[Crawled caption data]

------------------------------------

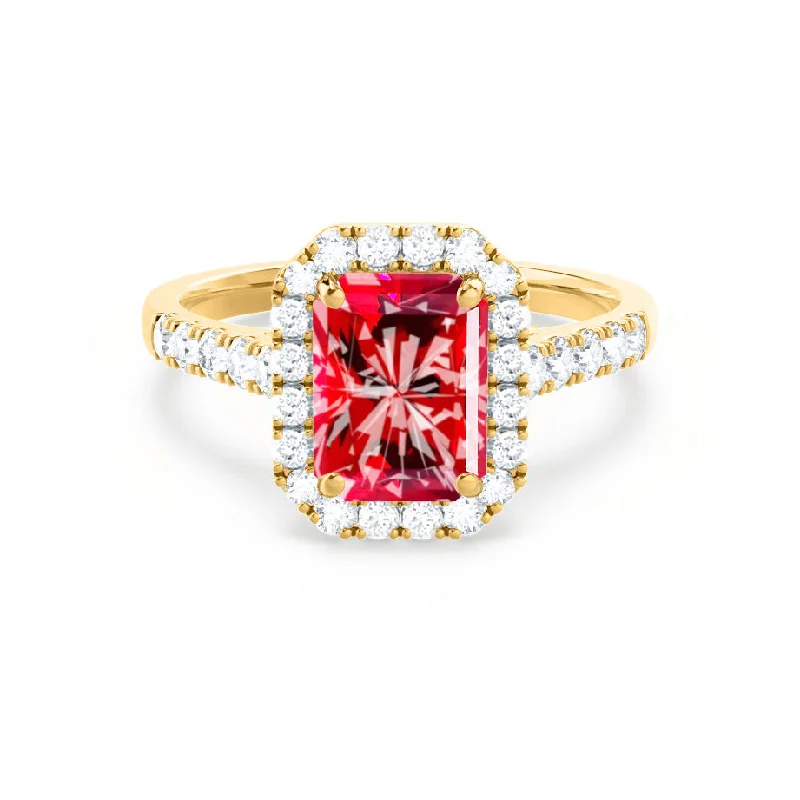 silver engagement rings for women-ESME - Chatham® Radiant Lab-Grown Ruby & Diamond 18k Yellow Gold Halo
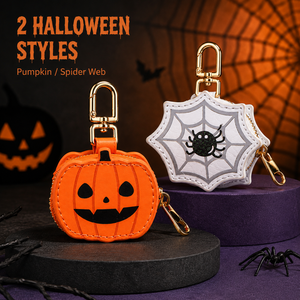 Monedero pequeño de PU con cremallera, diseño de calabaza de Halloween y telaraña, con llavero para mochila, adorno para bolso, regalos de decoración navideña - Product Image 6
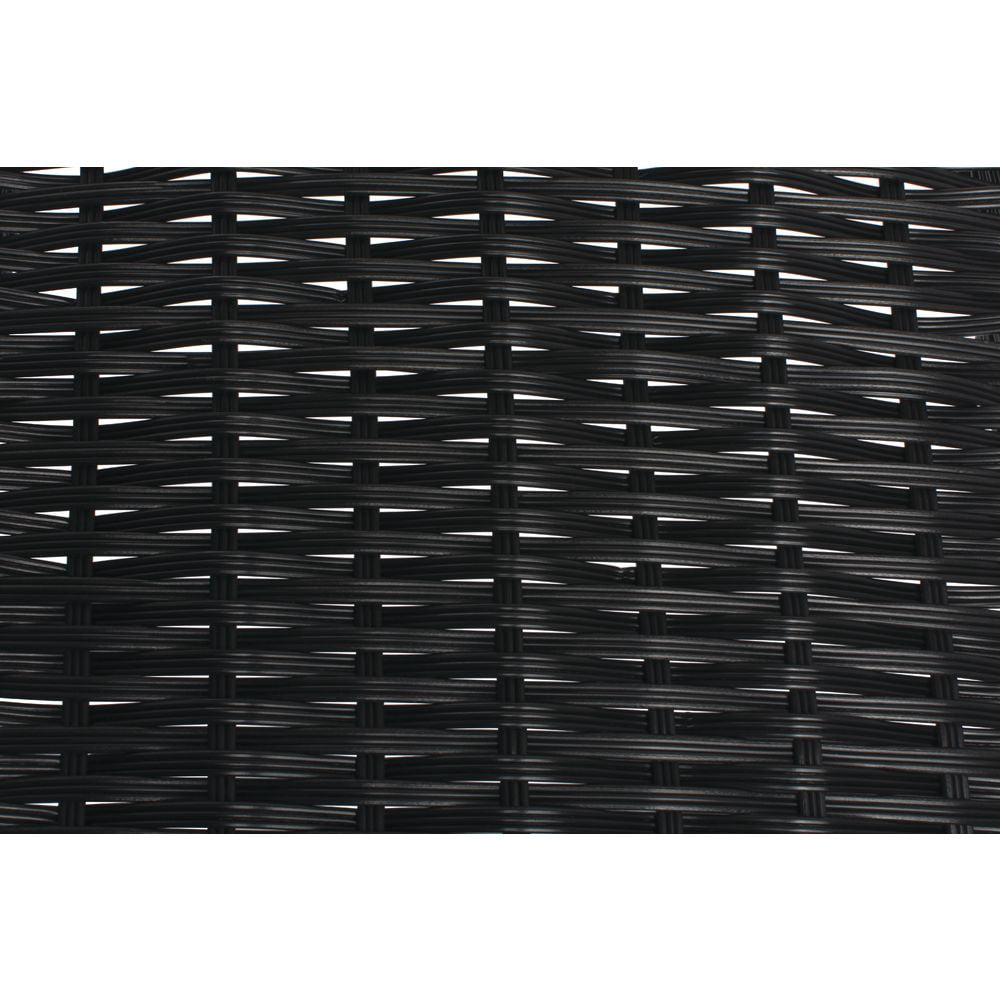 HUBERT® Wicker Storage Basket Black Plastic Tapered - 11 1/2"L x 12"D x 1 1/2" to 4"H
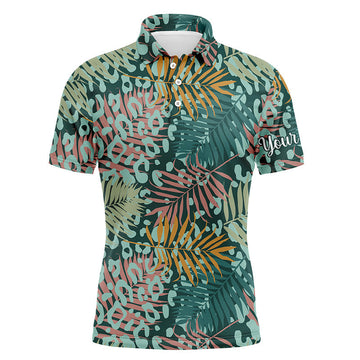 Men's Golf Polo Shirts with UPF Protection and Green Tropical Palm Leopard Pattern N4161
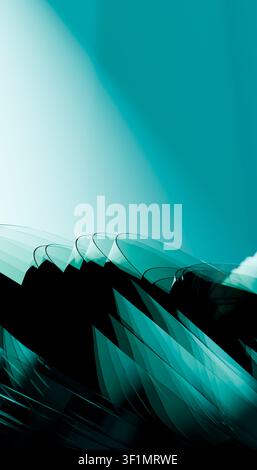 Abstract 3D render of greenish crystal-like shards and translucent glass layers forming dynamic spikes over a soft teal gradient background, modern fu Stock Photo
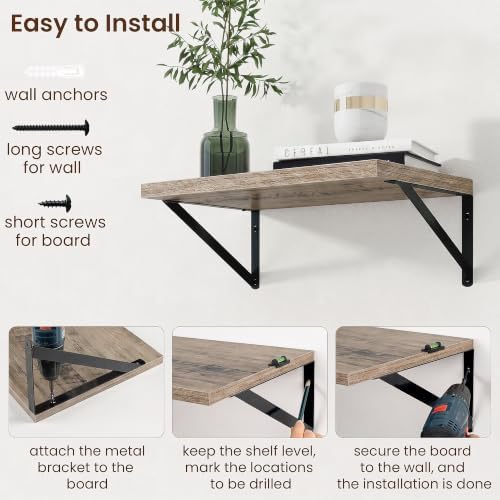 Axeman Deep Floating Shelves, 18'' x 12'' Grey Wall Shelves Set of 2
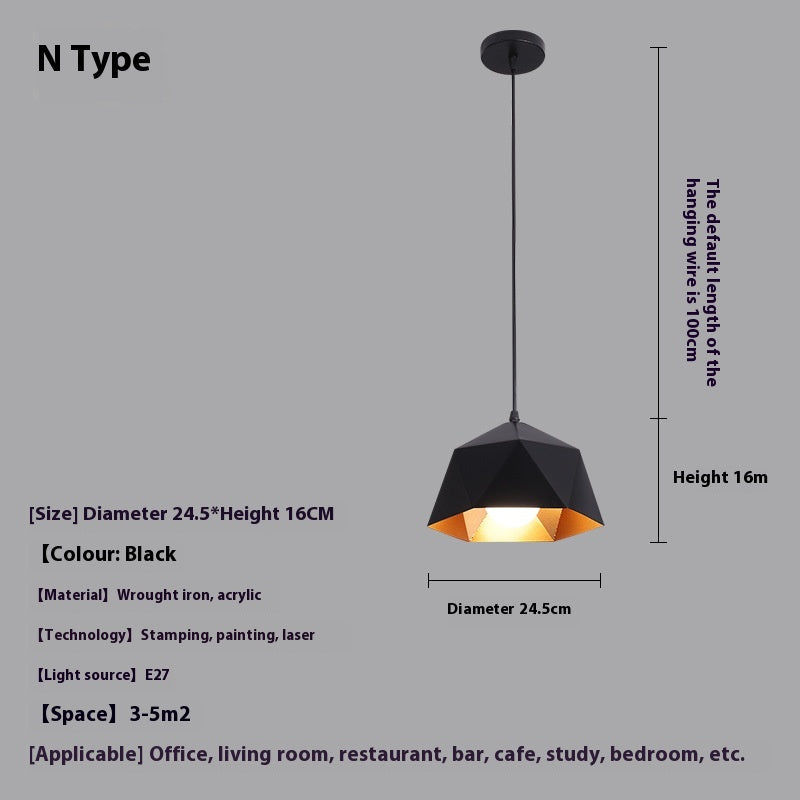 Minimalist Iron LED Pendant Light Series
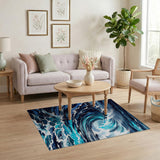 Curling Ocean Wave Blue Teal Area Rug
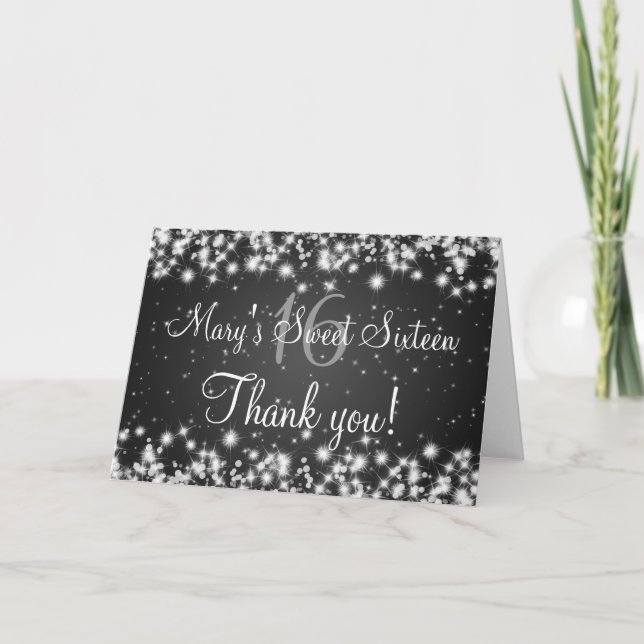 Sweet Sixteen Thank You Winter Sparkle Black Card (Front)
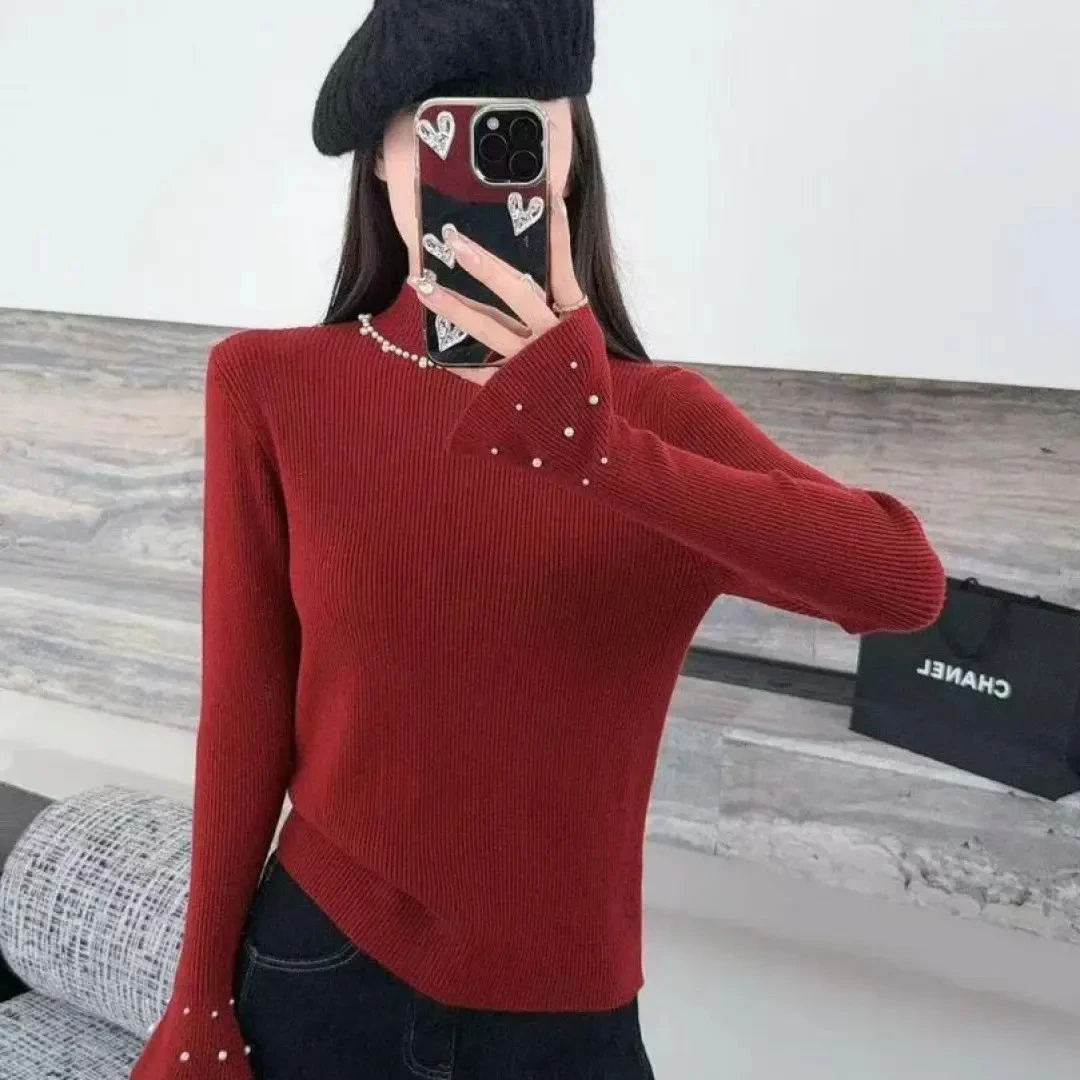 半高领毛衣女秋冬季2025年新款套头洋气小个子内搭针织打底衫1535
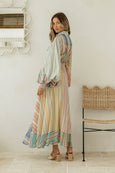 Multi Stripe Maxi Wrap Dress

------------------------------------

__Exercise directions__. The range to copy runs from the line with "Minimalist Iron LED Pendant Light Series" to the last line of the entries, both included; copy it exactly and leave out the pictures.

__Response for this exercise__.
 Minimalist Iron LED Pendant Light Series
 Curling Ocean Wave Blue Teal Area Rug
 Sweet Sixteen Thank You Winter Sparkle Black Card (Front)
 半高领毛衣女秋冬季2025年新款套头洋气小个子内搭针织打底衫1535
 Multi Stripe Maxi Wrap Dress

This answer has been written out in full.